Shell joined BP in announcing it will leave all its Russian operations, including a major liquefied natural gas plant, following on Moscow's invasion of Ukraine. Earlier BP also abandoned its share in Russian oil giant Rosneft, a move that could cost the British company over US$25 billion.
Norway's Equinor, majority-owned by the Norwegian state, also said that it would start divesting from its joint ventures in Russia. That came after the country's sovereign wealth fund, the world's largest, said on Sunday it would divest its Russian assets.
Shell said in a statement it will quit the flagship Sakhalin 2 LNG plant in which it holds a 27.5% stake, and which is 50% owned and operated by Russian gas giant Gazprom .
Shell said the decision to exit Russian joint ventures will lead to impairments.

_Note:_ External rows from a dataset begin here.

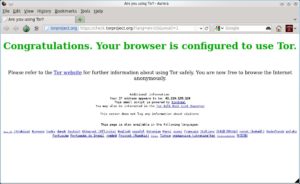 Abb. #: Die Startseite des Bundle-Browsers Aurora beweist es: Im Augenblick surfen Sie über Tor, Ihre eigene IP-Adresse ist damit verschleiert.
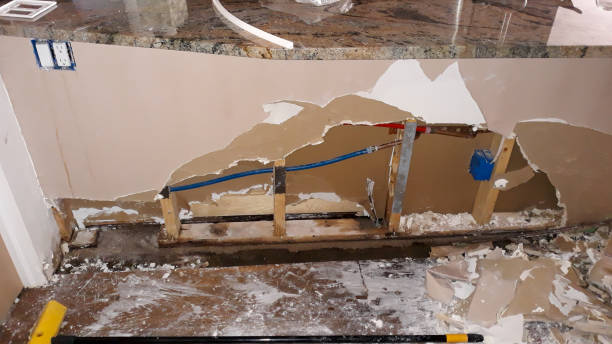 Best Water damage restoration services  in Williston Highlands, FL
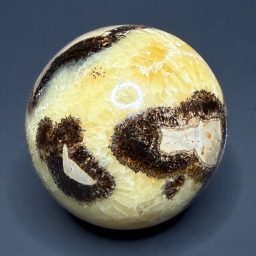 SP414 Septarian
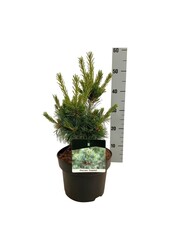 Denneboom Pinus Negishi - Copy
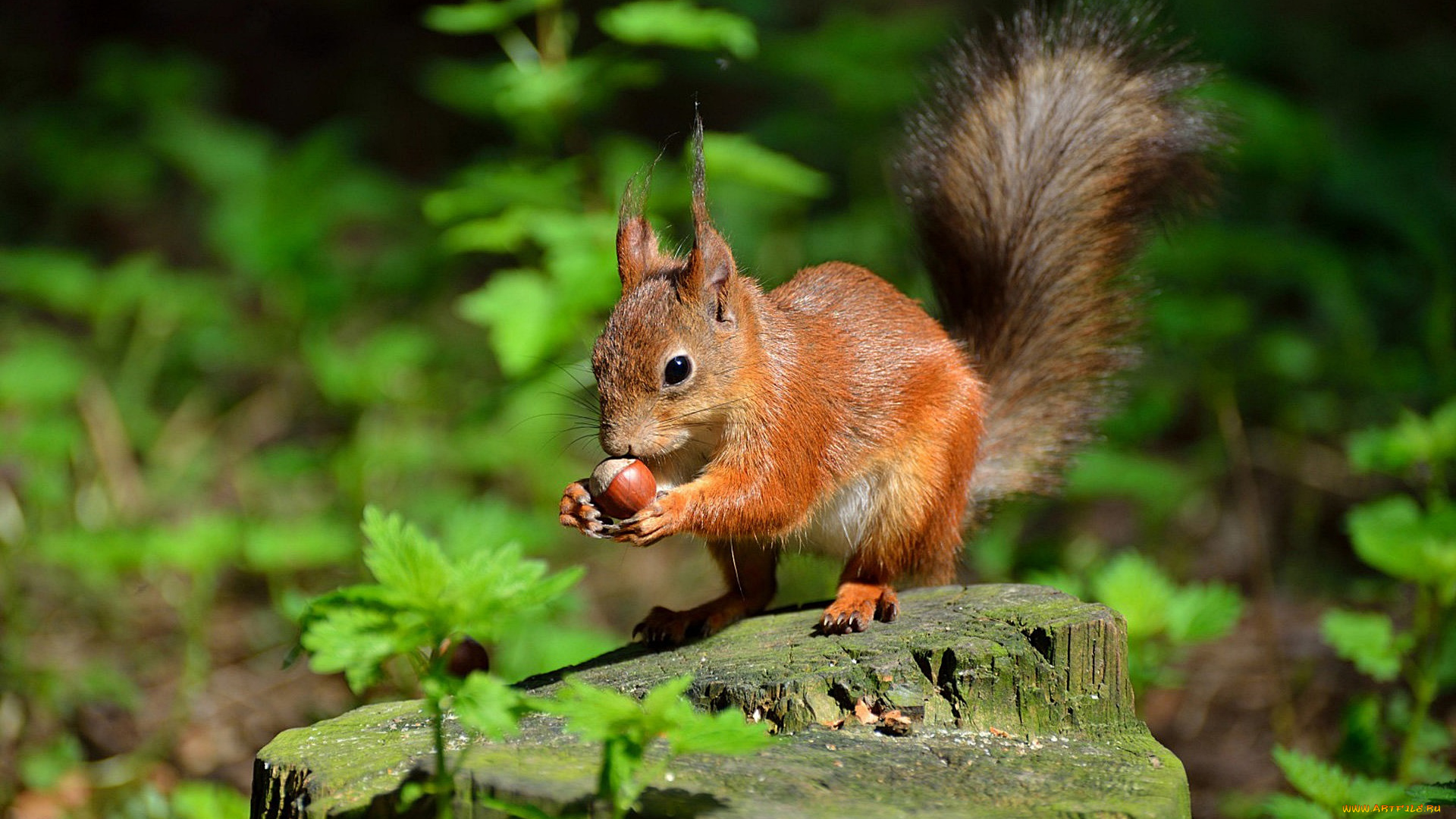 животные, белки, белочка, орех, пень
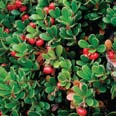 photo of bearberry.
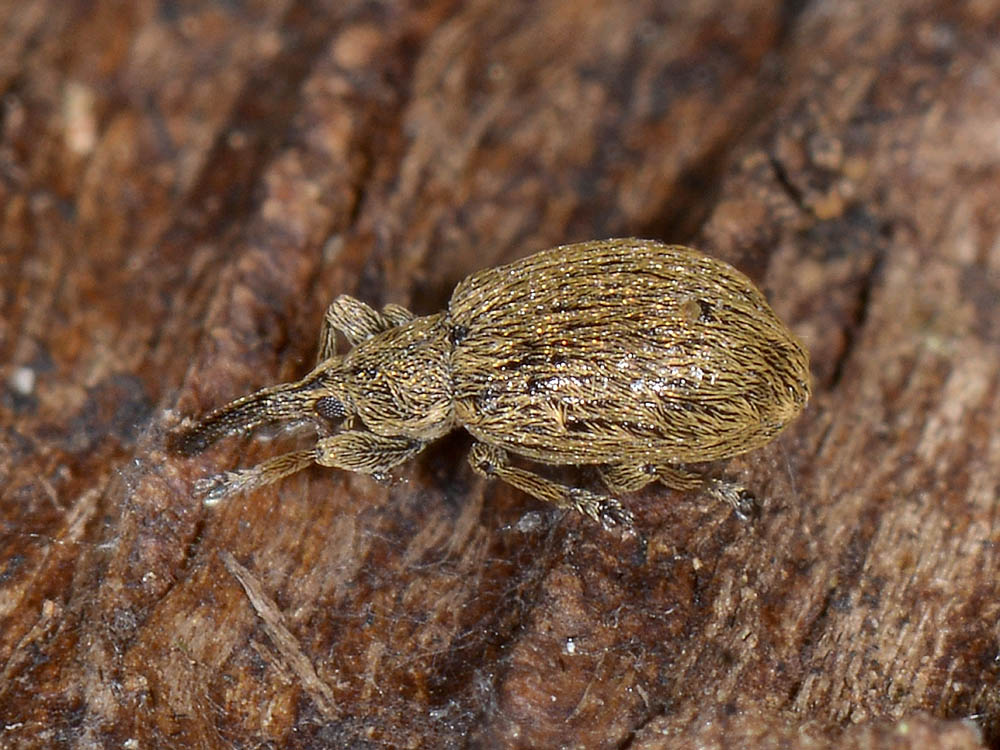 Trichopterapion holosericeum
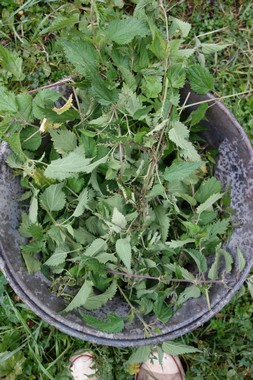 e0206902_5191036.jpg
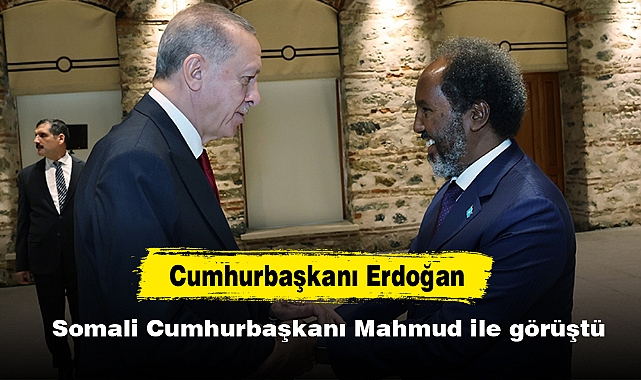 Cumhurbaşkanı Erdoğan, Somali Cumhurbaşkanı Mahmud ile görüştü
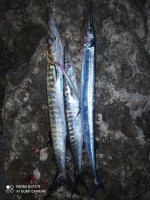 IMG_20221104_183040.jpg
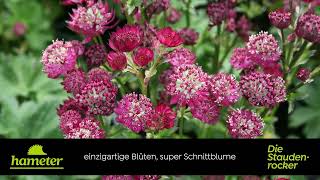 Astrantia major Moulin Rouge®  Sterndolde [upl. by Thrasher]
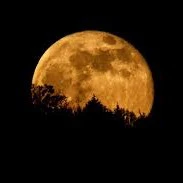 moonlight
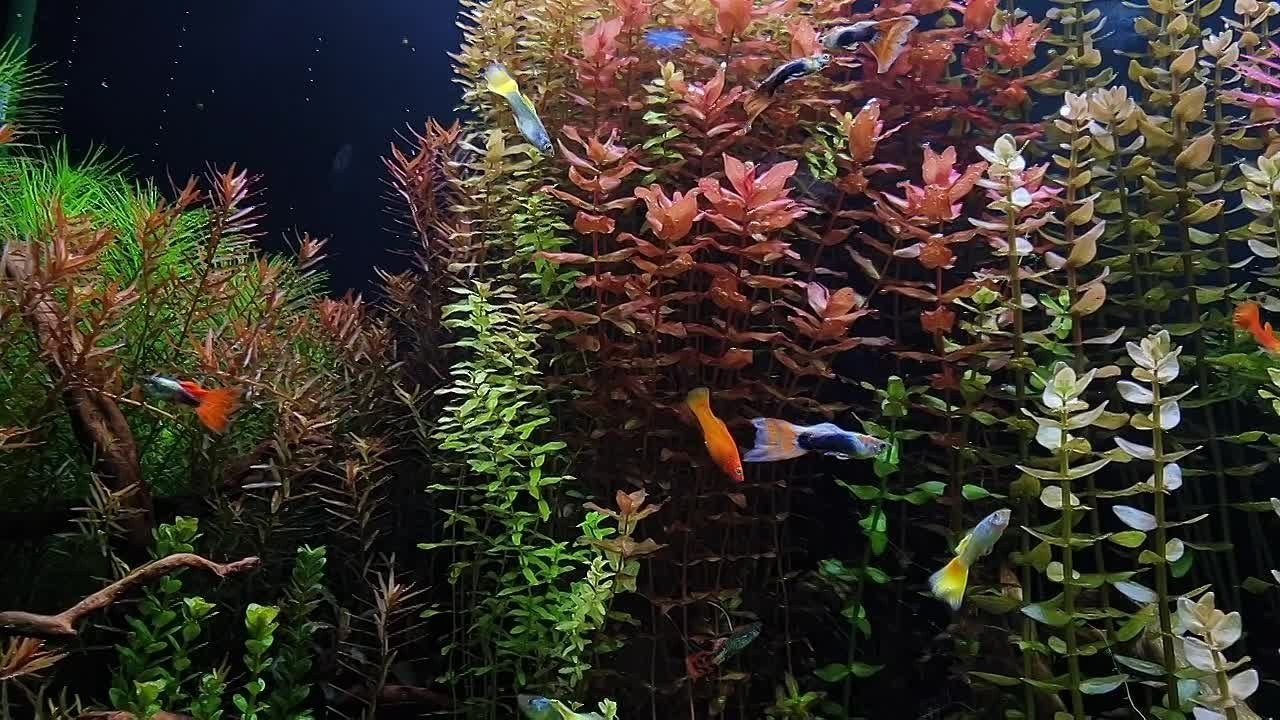 Формы жизни | ADA Галерея Москва. Аквариумист Максим Ерёмин. Aqua Maxim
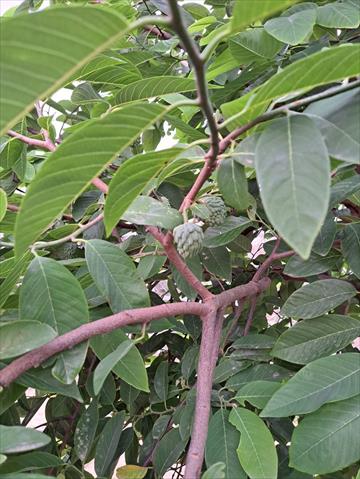 番荔枝(釋迦) 產品圖片（圖片編號 752121）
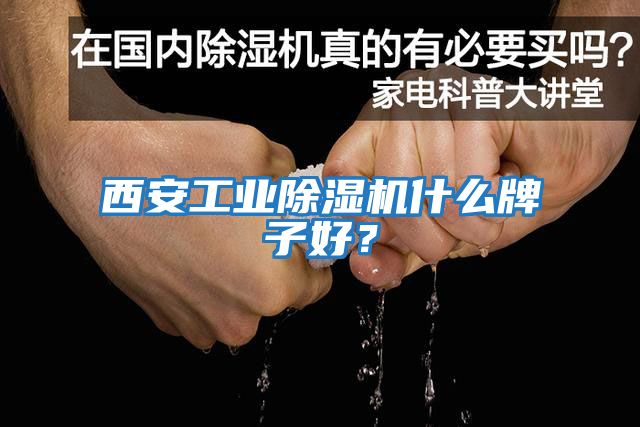 西安工業(yè)除濕機什么牌子好？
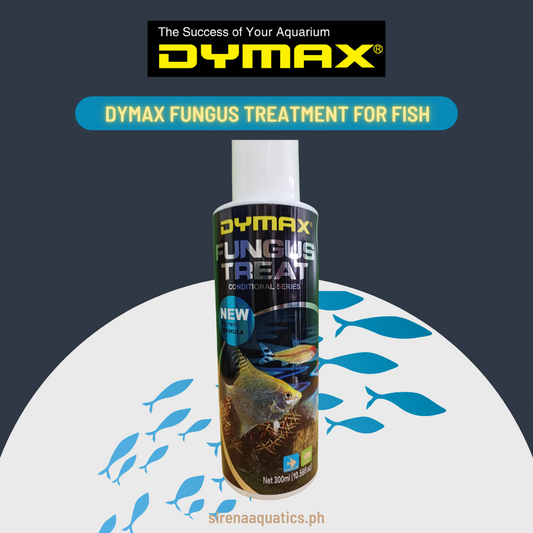 Dymax Fungus Treat Water Treatment for Fish - Eliminates Common Fungal Diseases and Infections - Safe for Aquatic Plants and Marine Aquariums (300ml)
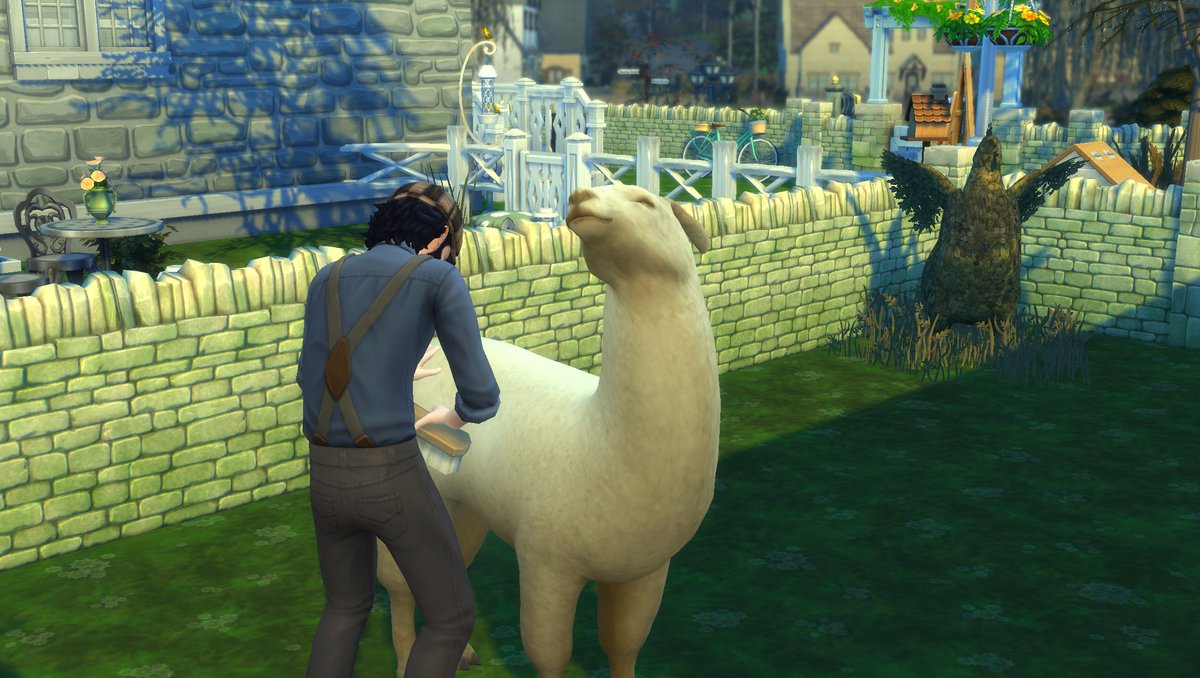 Australly's tweet photo. Anyone else loving their #llama on #cottageliving 

#sims #thesims #ts #simstagram #cc #simstagrammer #simmer #rp #story #roleplay #simsta #legacy #life #simsstory #game #house #build #simslife #ea #sim #TS4 #simstory #family #simblr #simscommunity #simsrp #simscc #Gameplay https://t.co/jRzuShE1VS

Shell had around US$ 3 billion in non-current assets in these ventures in Russia at the end of 2021, it said.
We are shocked by the loss of life in Ukraine, which we deplore, resulting from a senseless act of military aggression which threatens European security, Shell Chief Executive Ben van Beurden said in a statement.
Rival BP's Chief Executive Bernard Looney called an urgent meeting with his leadership team last Thursday, just hours after the first Russian bombs fell on Ukrainian capital Kyiv. During the meeting, Looney made it clear the company's investment in Rosneft had become untenable, the sources said.
There was only one decision we could make, a BP source said. The exit was the only viable way.
Looney held two more board meetings at the weekend, after which board members voted to immediately exit the Rosneft stake.
Looney also spoke to British Business Secretary Kwasi Kwarteng on Friday, when Kwarteng expressed his concern about BP's interests in Russia. Kwarteng welcomed BP's decision to exit on Twitter on Sunday. Kwarteng had a similar message for Shell on Monday.
The Sakhalin 2 project, located off Russia's northeastern coast is huge, producing around 11.5 million tons of LNG per year, which is exported to major markets including China and Japan.
For Shell, the world's largest LNG trader, leaving the project deals a blow to its plans to supply gas to fast-growing markets in the coming decades. Shell said the Russia exit will not affect its plans to switch to low-carbon and renewable s energy.